BY ‘SEGUN ODEJIMI
“A Trip to Jamaica is an awful attempt at making comedy…”
“30 Days in Atlanta does not have any sense-making storyline…”
“The Johnsons is horrible. Do they genuinely think they make people laugh…?”
“Have you seen North East? Omo, that film is very bad…”
“This, that… bad this, horrible that…”
But I think, in all of this, sometimes, we should cut Nollywood some slack. Instead of putting all of the blame at the doorstep of these filmmakers who do not want to have to beg before they can put their kids through school or live a life of reasonable, we should shovel together all available blame and dump it in the living rooms of today’s Nigerian audience.
As a student of drama, a critic and a Nollywood fan, I have seen several films and TV dramas/series in the last couple of years that will ordinarily not survive one minute of critical analysis before they are wrapped in bin bags, picked up with a six-foot pole and flung far into unending distance. This year has thrown up several. You look at some and can’t believe how a group of people have decided to come together to waste money and effort. Critically speaking, North East, A Trip to Jamaica, Ghana Must Go, Casino and Hustle are some of this year’s films and TV shows I am convinced would have been better off not made.
I saw AY Makun‘s A Trip to Jamaica sometime last week in a packed cinema hall in Ikeja and while I simply could not find the film’s story and the execution of most of the comedy funny, many people were working hard to stop themselves from rolling on the floor. They found every gesture, word and sound funny. Everything! To them, this was the next best thing after sliced bread. And this is just one example out of several.

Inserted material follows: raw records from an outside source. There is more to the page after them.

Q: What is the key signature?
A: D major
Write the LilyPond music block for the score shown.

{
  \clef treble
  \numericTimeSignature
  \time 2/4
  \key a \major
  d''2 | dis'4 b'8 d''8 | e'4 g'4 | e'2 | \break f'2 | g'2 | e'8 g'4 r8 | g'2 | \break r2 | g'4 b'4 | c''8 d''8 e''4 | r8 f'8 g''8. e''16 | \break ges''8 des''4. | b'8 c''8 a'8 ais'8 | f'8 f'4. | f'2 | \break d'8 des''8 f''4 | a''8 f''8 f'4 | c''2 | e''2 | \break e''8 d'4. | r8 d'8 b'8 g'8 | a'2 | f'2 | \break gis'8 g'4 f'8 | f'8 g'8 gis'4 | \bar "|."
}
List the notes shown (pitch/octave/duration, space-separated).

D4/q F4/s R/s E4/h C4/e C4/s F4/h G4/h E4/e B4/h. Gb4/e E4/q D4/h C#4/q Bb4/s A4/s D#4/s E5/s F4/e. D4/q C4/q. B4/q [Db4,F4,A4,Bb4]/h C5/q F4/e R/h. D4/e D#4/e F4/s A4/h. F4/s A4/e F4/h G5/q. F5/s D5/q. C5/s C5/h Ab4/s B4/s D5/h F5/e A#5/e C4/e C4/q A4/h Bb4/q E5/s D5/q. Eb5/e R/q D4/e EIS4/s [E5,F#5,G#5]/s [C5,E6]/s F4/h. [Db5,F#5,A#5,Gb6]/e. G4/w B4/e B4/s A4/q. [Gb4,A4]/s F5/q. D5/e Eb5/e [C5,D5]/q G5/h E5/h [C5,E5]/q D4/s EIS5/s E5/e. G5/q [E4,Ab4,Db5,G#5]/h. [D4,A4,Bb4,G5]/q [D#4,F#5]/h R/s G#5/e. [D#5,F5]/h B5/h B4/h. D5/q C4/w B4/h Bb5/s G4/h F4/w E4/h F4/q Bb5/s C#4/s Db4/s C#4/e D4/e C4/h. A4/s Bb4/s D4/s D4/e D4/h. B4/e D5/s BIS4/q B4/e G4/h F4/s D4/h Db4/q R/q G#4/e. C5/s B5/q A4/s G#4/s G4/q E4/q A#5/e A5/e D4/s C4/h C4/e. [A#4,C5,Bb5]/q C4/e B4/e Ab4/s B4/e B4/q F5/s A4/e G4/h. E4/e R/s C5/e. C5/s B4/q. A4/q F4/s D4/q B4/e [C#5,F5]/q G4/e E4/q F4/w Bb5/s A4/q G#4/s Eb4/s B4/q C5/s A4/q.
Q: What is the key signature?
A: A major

A Trip to Jamaica is romping to the top of the highest grossing Nollywood chart within weeks of its release. It’s predecessor, 30 Days in Atlanta recently strolled into the Guiness Book of World Records for eating up the Nigerian box office in 2014. What these two projects of Ayo Makun lacked in critical acclaim, they had abundantly in audience acceptance and popularity.
Many people would say maybe Nigerian critics are faulty-loving and unnecessary evil, but when Mo Abudu‘s Fifty was screened upon its release last year in London, most of the foreign reviews that greeted it were scathing. But, the film still ended up grossing the highest of any Nigerian film in 2015. It’s cinema success continued into the early period of this year. Despite being a 2015 film, Fifty still sits on the 2016 highest grossing table below only A Trip to Jamaica, Wives on Strike and The CEO.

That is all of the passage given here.